In the four decades it had split from the communist east, West Germany had strong governments, traditionally one of the two large parties with a smaller partner or, in rare circumstances, the two large parties forming a grand coalition. This tradition was continued after reunification in the 1990s, with far-reaching changes – such as the labor market reforms of the 2000s – often accompanied by support from across the aisle.
But four parties have become seven and two traditional main parties have shrunk, changing the arithmetic of forming a government representing more than 50 percent of the vote. Analysts say that in the future, three or four, not two, parties will have to find enough common ground to rule together.
Some analysts say that this growing fragmentation of Germany’s political landscape has the potential to revive politics by bringing more voices into public debate. But this will undoubtedly make governance difficult, as Germany has become like other countries in Europe – among them, Spain, Italy and the Netherlands – that have seen a similar fracture. And dirty politics could undermine the next chancellor.
Ms Merkel has perhaps more embodied the consensus tradition than her predecessors. Of his four terms in office, he spent three in a grand alliance with his party’s traditional opponents, the Social Democrats.
Reigning as Ms Merkel’s junior partners nearly wiped out the Social Democrats, Germany’s oldest party, stripping it of its identity and its place as the leading voice of the centre-left opposition. But Mr Scholz used his warm relationship with the chancellor to his advantage, effectively running as an incumbent in a race without one.
He was being celebrated at party headquarters on Sunday night as a savior by party members who were adamant that the chancellor belonged to him.
“The SPD is the winner here,” insisted longtime party member, Carsten Headey, while Ernst-Ingo Lind, who works for an MP, said that only a year ago, he “dreamed to be here.” Wouldn’t have seen it.”
Among the parties to be represented in the next German parliament is the Alternative for Germany, or AFD, which four years earlier stunned the country by becoming the first far-right party to win seats since World War II. Its vote share dropped from about 13 per cent in 2017 to 10.5 per cent and will no longer be the country’s main opposition party. But it cemented its position as an enduring force. It came first in two states in the former communist east.

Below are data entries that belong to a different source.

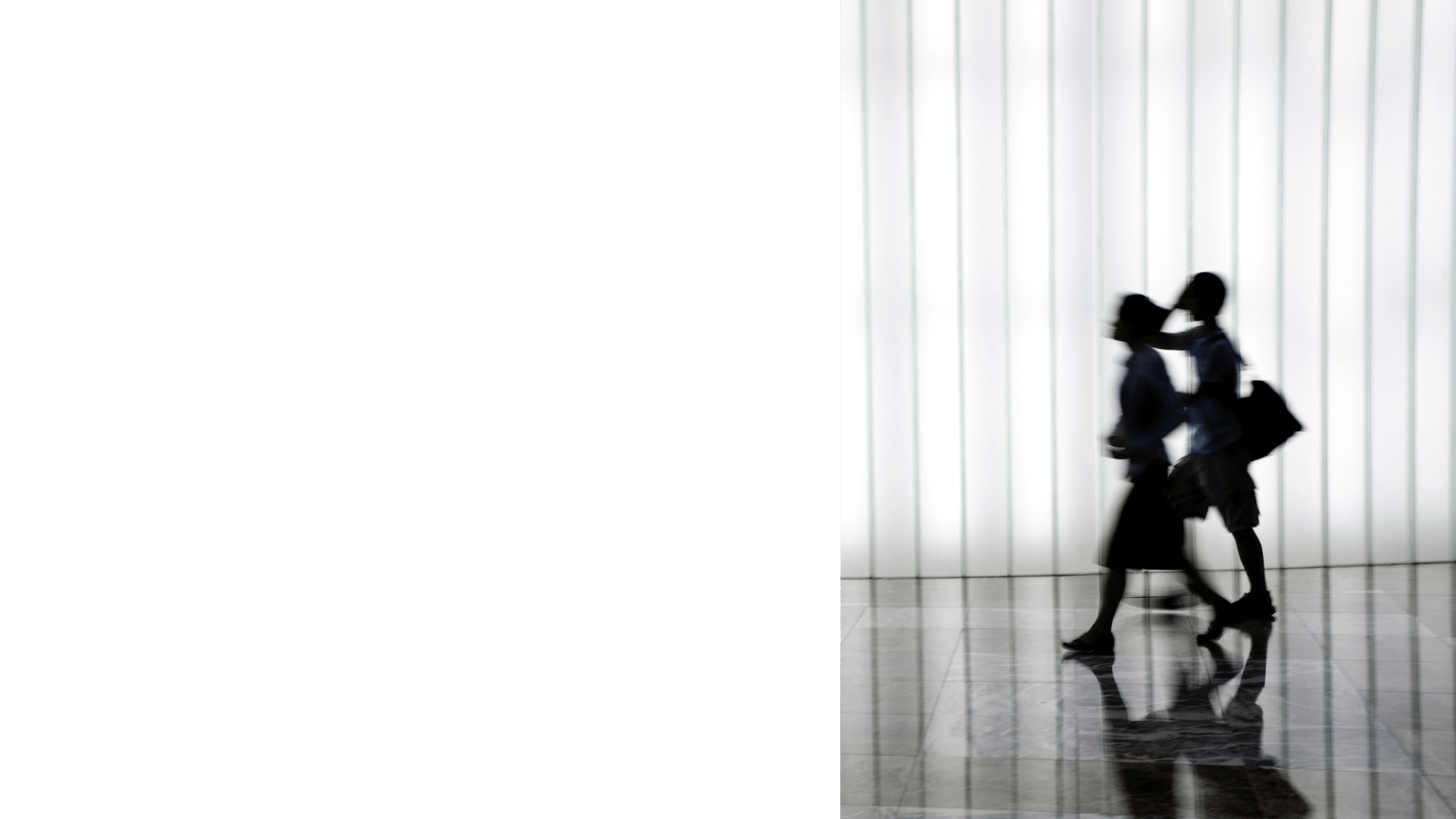 A diffuse image of a busines swoman and man appearing to walk fast in a corridor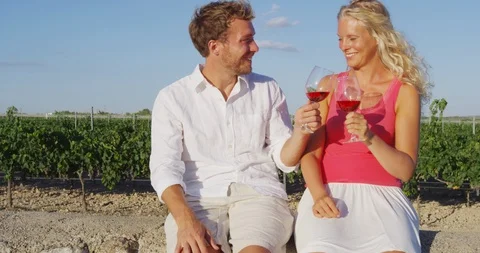 Wine drinking couple happy at vineyard enjoying wine tasting outside Stock Footage 86340481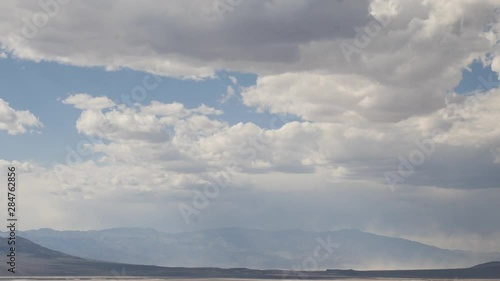 Dramatic clouds timelapse over Badwater basin desert mountain landscape in Death Valley National Park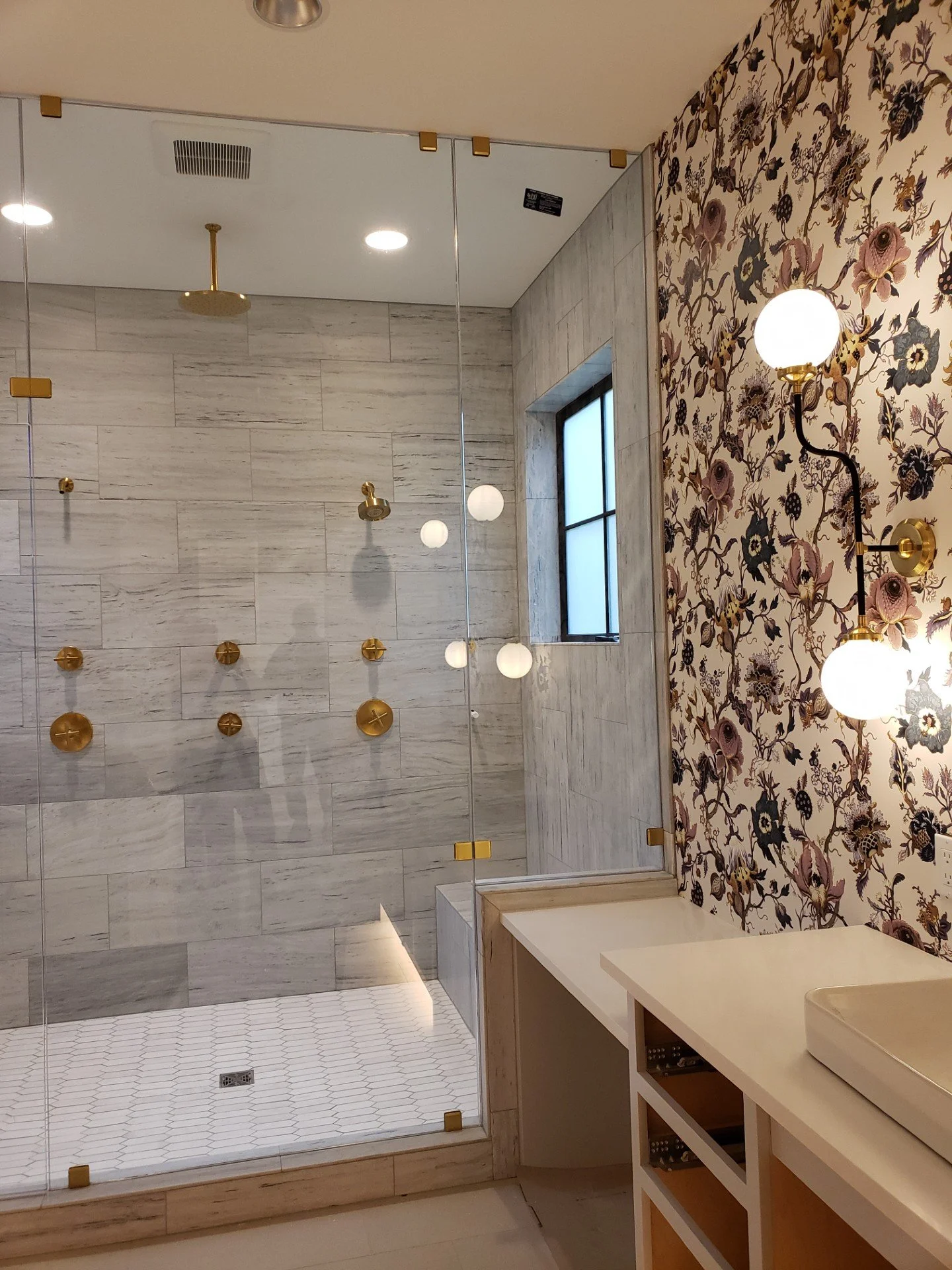 Bathroom with a walk-in shower featuring glass walls, gold fixtures, and a window, decorated with floral wallpaper on the right wall and a white vanity with a sink on the right side.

“We are here to stay, and we showed up today,” party co-leader Tino Kripalla told party members on the outskirts of Berlin.
For all the messiness of this election and Merkel’s nostalgia, many Germans took heart from the fact that more than eight out of 10 voters had cast their vote for a centrist party and that the turnout was high.
Mobilization was evident outside several polling stations in Berlin, where families waited patiently for their turn in long lines.
“This is the beginning of a new era,” said Ms Rommel of the Herty School.
Christopher F. Schuetz, Jack Ewing and Melissa Eddy contributed reporting from Berlin.